Historical Records. The literature lists earlier Australian records. The online “Titan” database (Tavakilian and Chevillotte 2022) for N. brevipennis includes a reference to a misidentification of “Molorchus sp.” (Matthews 1997). Matthews (1997: fig. 7) shows a N. brevipennis male, and characters in the pictorial key (Matthews 1997: plate 4) are consistent with N. brevipennis, i.e., the eye rounded, not excised or divided, frontoclypeus without pit- and-tongue organ, small body size (3–4 mm), and shortened elytra. The text states “the only SA examples are a series of specimens collected in the 1920's or earlier in Adelaide which appear to be an introduced species (illustrated), probably not established. They are included here and in the key because a native species of the genus (Molorchus sidus Newman) has been described, but its description does not agree with these specimens.” A search of the SAMA collection failed to locate these specimens. However, there is one specimen in MVMA that was collected in Melbourne by F. E. Wilson during December 1921, tentatively identified as Molorchus Fabricius sp. by A. Ślipiński (Coll. 38238). On the Pest and Disease Image Library (PaDIL) website (PaDIL 2022) we also found images of both sexes of N. brevipennis. These specimens, which had also been misidentified as “Molorchus sp.”, were collected from a hawthorn (Crataegus; Rosaceae) lamp stand in March 2008. The lamp stand probably came from a retail store and was likely imported, but we cannot confirm this because records of the detection no longer exist (K. Walker, personal communication). Attempts to locate these specimens were also unsuccessful.
Diagnosis and Description
Tribe Psebiini
Nathrius Brèthes, 1916
Nathrius Brèthes 1916: 76. Type species: Nathrius porteri Brèthes, 1916, by monotypy.
Leptidea Mulsant 1839: 105. Type species: Leptidea brevipennis Mulsant, 1839, by monotypy. Junior homonym.
Nathrius brevipennis (Mulsant, 1839)
(Figs. 1–5)
Leptidea brevipennis Mulsant 1839: 105.
Leptidea minuta Motschulsky 1845: 84.
Gracilia manca LeConte 1850: 24.
Gracilia rufipennis Dufour 1851: 351.
Nathrius porteri Brèthes 1916: 77.
Leptideela brevipennis (Mulsant, 1839): Strand 1936: 169.

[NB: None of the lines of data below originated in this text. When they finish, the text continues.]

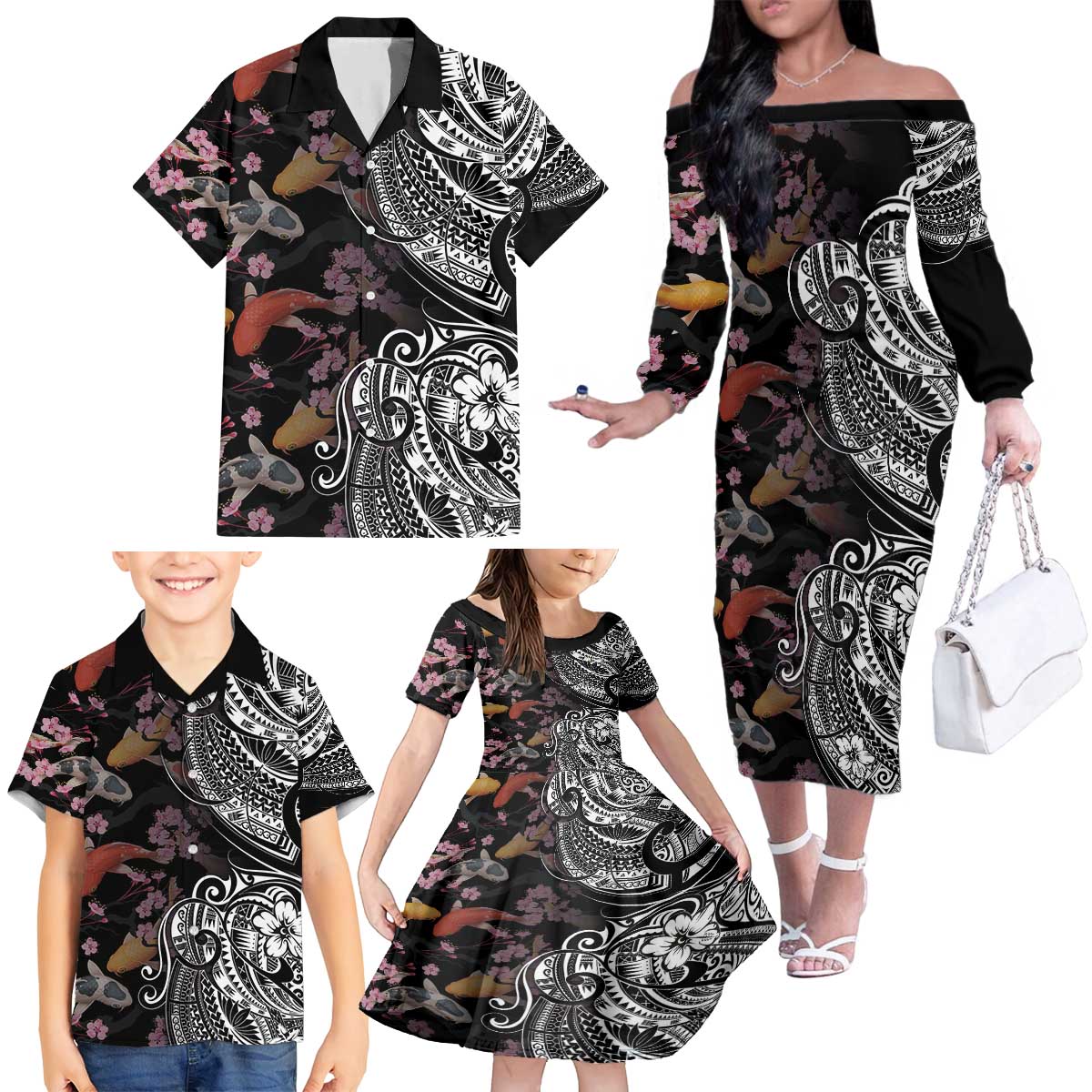 Hawaiian and Japanese Together Family Matching Off The Shoulder Long Sleeve Dress and Hawaiian Shirt Polynesian Triball Tattoo Koi Carps and Sakura LT03 - Polynesian Pride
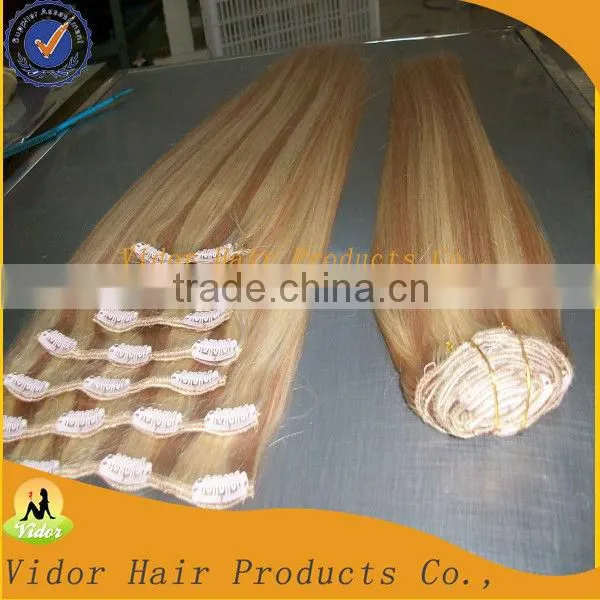 Remy clip in hair extension/top quality full head clip in hair Extensions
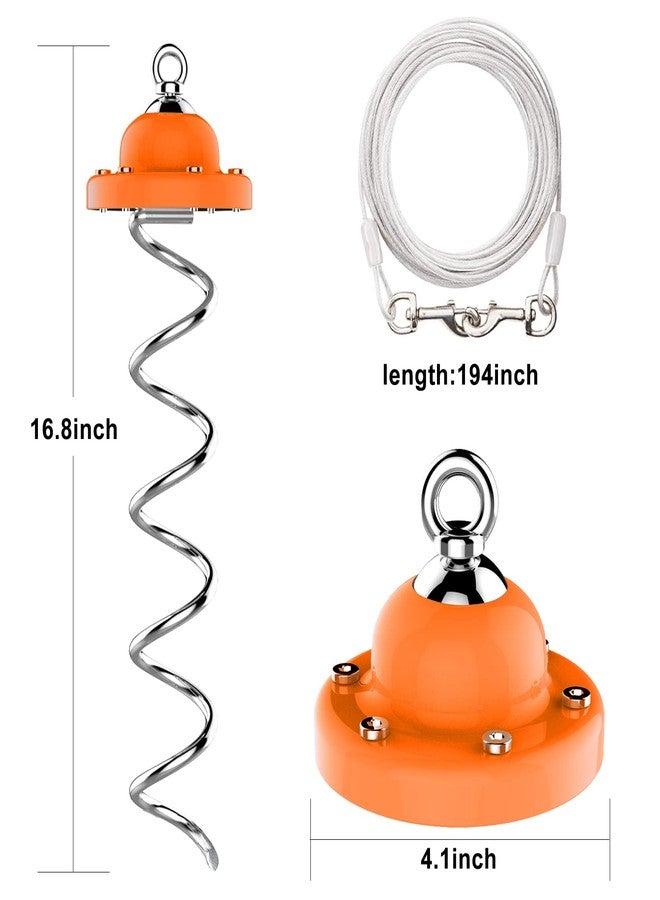 Eurmax USA 360° Swivel Pet Dog Tie Out Stake Bonus 17FT Dog Tie Out Cable Dog Anchor Heavy Duty Anchor Dog Tether （Orange） - Image 3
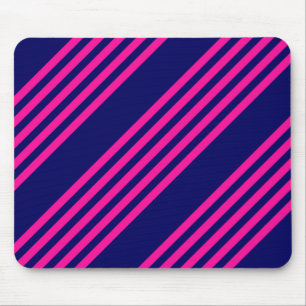 Fuchsia and navy blue five stripes pattern mouse pad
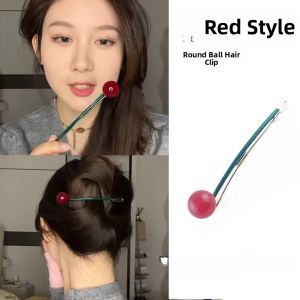 Acrylic Ball Barrette Sweet Style Hair Accessories Comfortable Non-Intrusive Frog Buckle Popular Internet Red Hair Clips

Deuteroleptidea brevipennis (Mulsant, 1839): Paclt 1946: 169.
Diagnosis. Small brown beetles with antennae nearly as long as the body. Frontoclypeus transverse. Eyes large, ovoid, coarsely faceted, weakly emarginate near antennal insertion; larger in male than in female. Antennal tubercles broadly separated, distant from mandibular articulation. Antennal foramen in shallow depression with external articulation. Antennal scape expanded towards apex, distinctly shorter than pronotum; pedicel longer than wide; antennomere 3 subequal to scape; antennomere 5 in male slightly longer than antennomeres 3 and 4 combined, in females antennomere 5 as long as, or nearly as long as, antennomere 3 and 4 combined. Prothorax broadly rounded, wider than long, lateral margins smooth; pronotal disc without callosities or tubercles. Prosternal process incomplete between coxae. Procoxal cavities with lateral angular extension exposing protrochantin; open externally. Procoxae projecting below level of prosternum. Mesoventrite flat anteriorly; mesoventral intercoxal process narrow. Mesocoxal cavities open to mesepimeron; mesotrochantin exposed. Elytra short, dehiscent, apices acutely rounded, exposing abdomen and wings. Femora distinctly expanded distally; hind femur almost reaching apex of abdomen; tibiae not flattened. Abdomen with 5 ventrites, ventrites 2–5 modified in female.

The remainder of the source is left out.